The neighbor responds to the NS message with a NA message which includes the neighbor’s link layer address. 

The host now knows the link layer address of the neighbor, and can use it to send packets to the neighbor.

NDP – neighbor solicitation (NS)

Here’s the basic function of the neighbor solicitation message, the NDP equivalent of an ARP request. 

We typed PING 2001:db8::78:9abc on R1 to ping R2 thus generating an IPv6 packet. R1 needs to encapsulate that ping packet from R1 to R2 in an Ethernet frame, so R1 needs to know R2’s MAC address. To ask for R2’s MAC address, R1 will send a neighbor solicitation message (Hi, what’s your MAC address?).

To see how this is different from an ARP request message let’s look at the different addresses in the packet and frame involved in this ping in a Wireshark capture. 

>The source IP is R1’s IP address. That’s the same as ARP.

>The destination IP address, however, is R2’s solicited-node multicast address. R1 was able to automatically calculate R2’s solicited-node multicast address from R2’s global unicast address.

>The source MAC is the MAC address of R1’s G0/0 interface. That’s the same as in ARP as well.

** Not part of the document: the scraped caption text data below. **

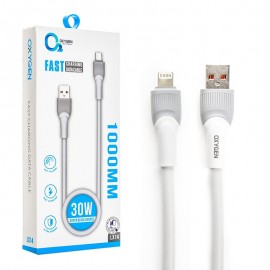 کابل آیفون (Lightning) اکسیژن (OXYGEN) طول 1 متر مدل LX14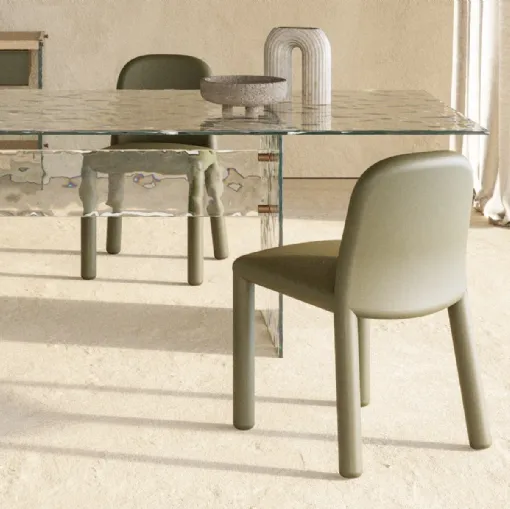 Sedia moderna in pelle Origin di Nature Design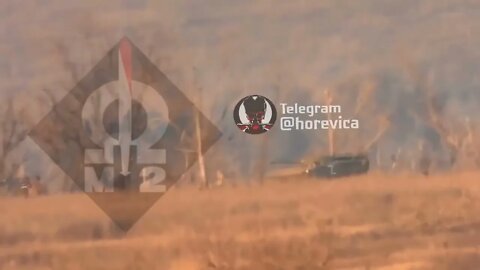 Special unit of NGU "Omega" destroys a whole convoy of equipment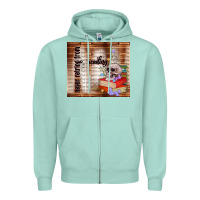 Seafoam never retring from reading Zipper Hoodie - TumblerDesignByShophia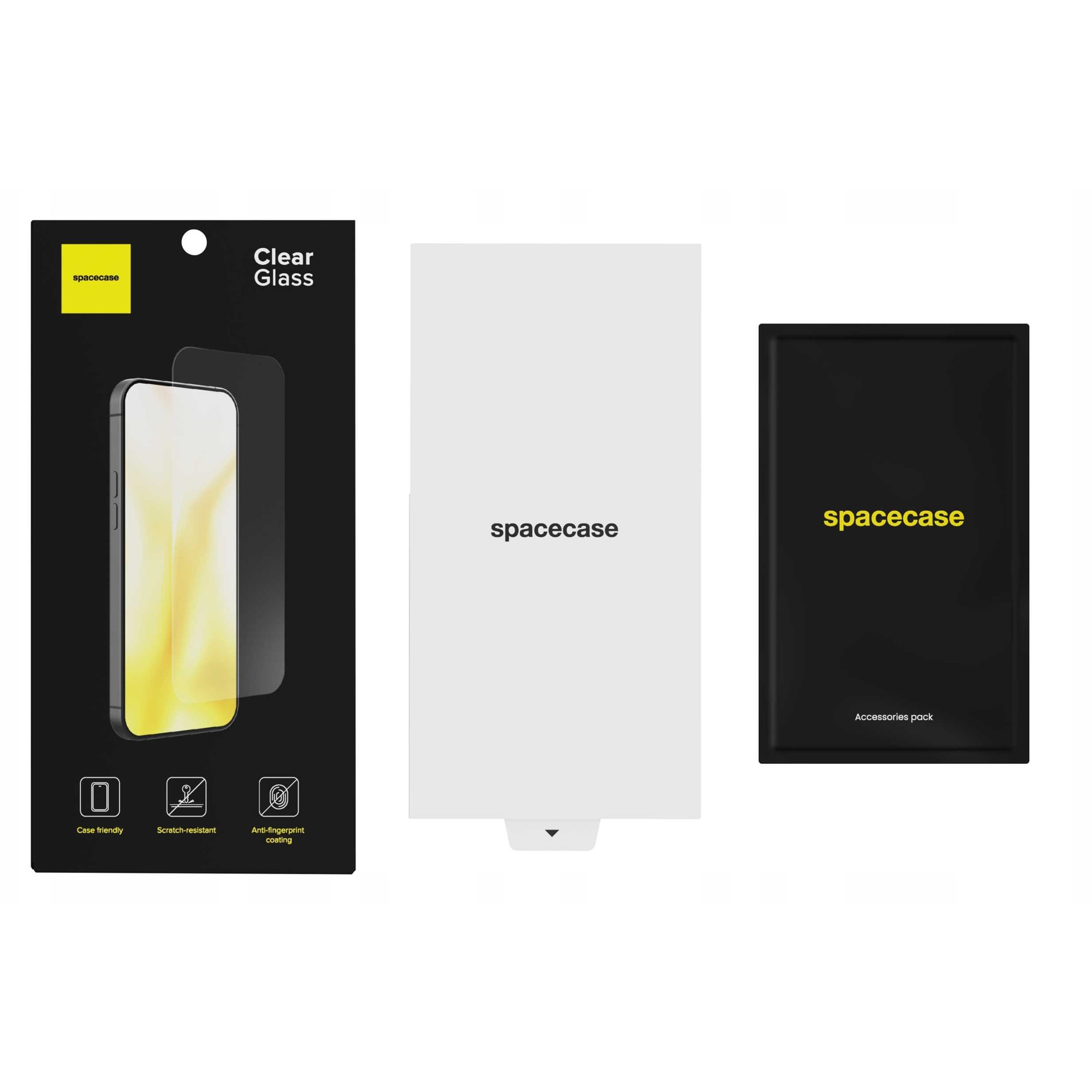 Folie protectie Spacecase pentru iPhone 17 / 17 Pro, sticla securizata 2.5D, rezistenta la zgarieturi, transparenta, 0,33mm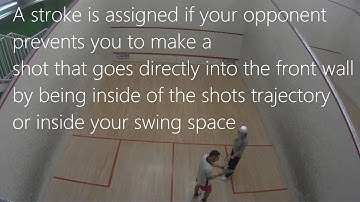 Let & Stroke - Squash Rules - Squash tips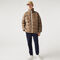 unisex lacoste water repellent reversible jacket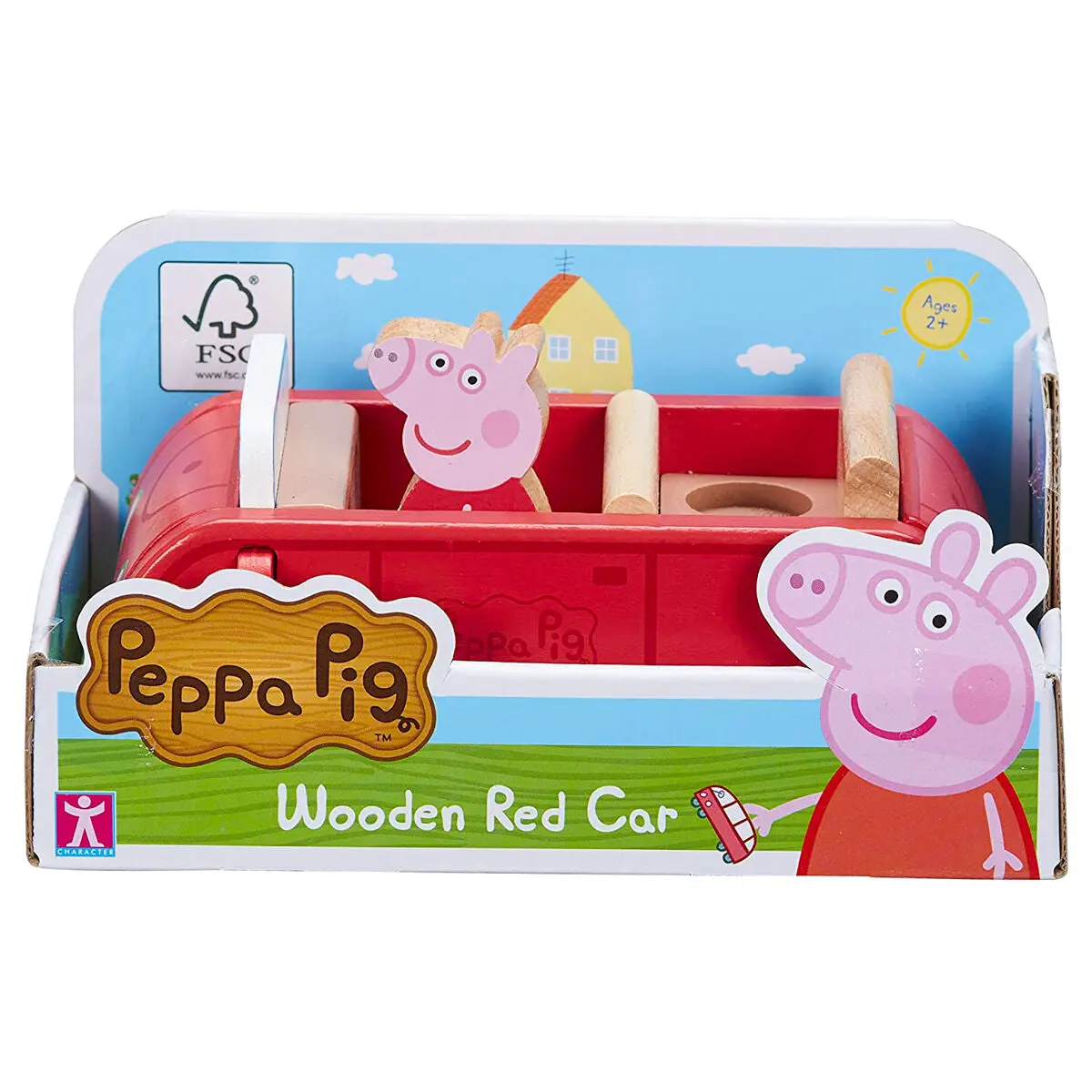 Peppa Pig Wooden Red Car 1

>The destination MAC address is a multicast MAC address based on R2’s solicited-node multicast address. In Wireshark this address is displayed as IPv6mcast_ff:78:9a:bc, but to the right you can see the real multicast MAC address in brackets. 

You do not need to study multicast MAC addresses for the CCNA. 

But remember that the ARP request is broadcast, and the neighbor solicitation is multicast, which is more efficient.

NDP – neighbor advertisement (NA)

Now let’s see the neighbor advertisement message, the NDP equivalent of an ARP reply.

R2 received a message from R1 (a neighbor solicitation message) asking for the MAC address of R2. Now R2 will reply.

Let’s see the different addresses in the message. 

>R2 will send the neighbor advertisement message using its G0/0 IP address as the source.

>The destination IP will be R1’s G0/0 IP address. R2 knows R1’s IP address because it was the source address of the solicitation message.

>The source MAC will be R2’s G0/0 MAC address.

>The destination MAC will be R1’s MAC address. R2 knows R1’s MAC address because R1 used it as the source for the solicitation message. 

IPv6 neighbor table

In IPv6 communications, routers maintain an IPv6 neighbor table rather than an ARP table. All devices running IPv6 will use NDP and keep a neighbor table. 

Let’s look at R1’s IPv6 neighbor table with the command SHOW IPV6 NEIGHBOR. 

>First, the IPv6 Address column. R1 has an entry for both, R2’s global unicast address (2001:DB8::78:9ABC) and its link-local address. R1 learned that link-local address automatically, we did not ping it. 

>Next, the Age column indicates how long ago in minutes R1 received traffic from these addresses. 

>The Link-layer address column shows R2’s MAC address. The Interface column shows the interface this entry was learned on. The State column indicates that the neighbor is reachable.

This is R2’s neighbor table.

NDP – router solicitation/advertisement

NDP allows hosts to automatically discover routers on the local network.

Two messages are used in the router discovery process. 

>The first message, router solicitation (RS), is ICMPv6 Type 133. RS messages are sent to multicast address FF02::2, the all routers address. RS messages ask routers on the local link, the local network, to identify themselves. This message type is sent when an interface is enabled or when the host is connected to the network.

>The second kind of message is the router advertisement (RA), ICMPv6 Type 134. RA messages are sent to multicast address FF02::1, the all nodes address. So these messages are received by all hosts on the local link, not just routers. Using this message, the router announces its presence and provides some other information about the link, the local network, such as the prefix of the network, the flags that are associated with the prefix, and the reachable time.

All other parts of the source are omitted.